It seems quite natural to explain the activities of human and non-human animals by referring to their special faculties. Thus, we say that dogs can smell things in their environment because they have perceptual faculties, or that human beings can think because they have rational faculties. But what are faculties? In what sense are they responsible for a wide range of activities? How can they be individuated? How are they interrelated? And why are different types of faculties assigned to different types of living beings?The six chapters in this book discuss these questions, covering a wide period from Plato up to contemporary debates about faculties as modules of the mind. They show that faculties were referred to in different theoretical contexts, but analyzed in radically different ways. Some philosophers, especially Aristotelians, made them the cornerstone of their biological and psychological theories, taking them to be basic powers of living beings.
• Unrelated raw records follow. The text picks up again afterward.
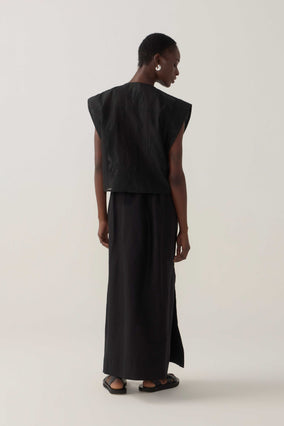 BETTINA SKIRT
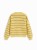 3aab6c990d16d8d46646a181acc9c14c
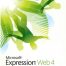 برنامج expression web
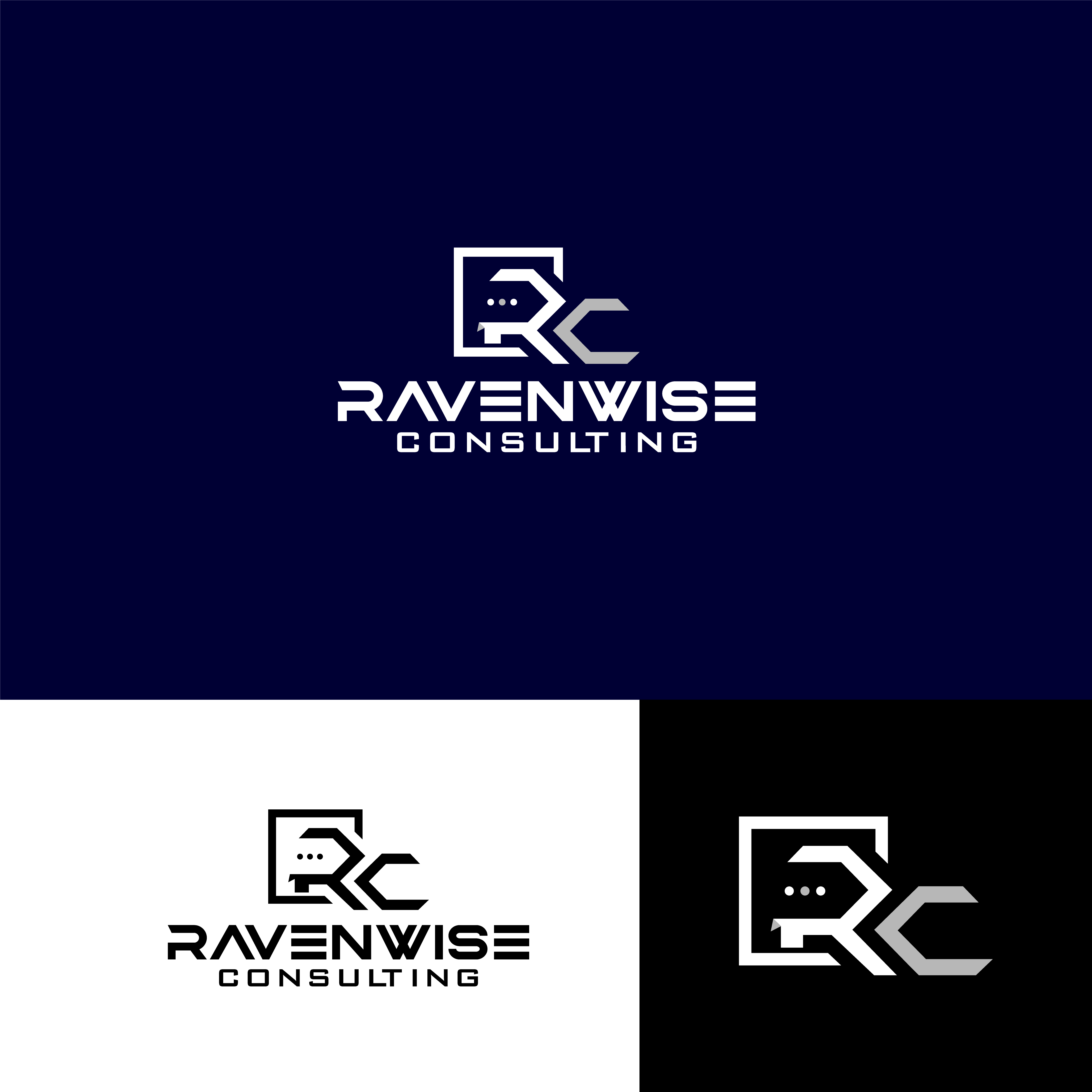 Logo Design by Touseen for this project | Design #32284136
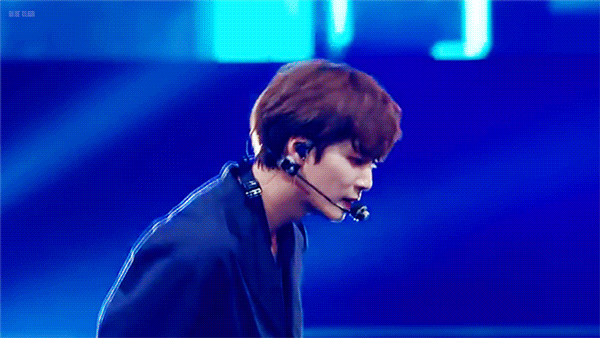 뉴종현 1년전 오늘 | 인스티즈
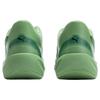 Puma Rise Nitro 'Green' 377434-01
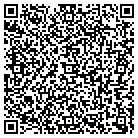 QR code with Lakeside Village Apartments contacts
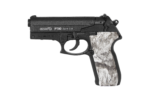 Pistola Gamo CO2 PT-80 DARK LTD.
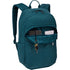 Thule Indago Backpack 23L
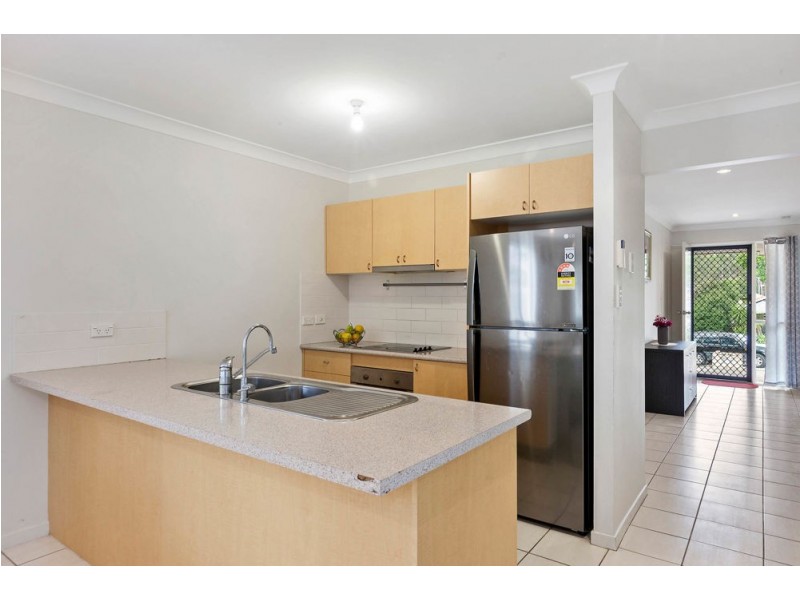 9 Danaid Street, Springfield Lakes QLD 4300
Others took them to be inner causes that literally produce activities, while still others provided a purely functional explanation. The chapters focus on various models, taking into account Greek, Arabic, Latin, French, German and Anglo-American debates. They analyze the role assigned to faculties in metaphysics, philosophy of mind and epistemology, but also the attack that was often launched against the assumption that faculties are hidden yet real features of living beings. The short "Reflections" inserted between the chapters make clear that faculties were also widely discussed in literature, science and medicine.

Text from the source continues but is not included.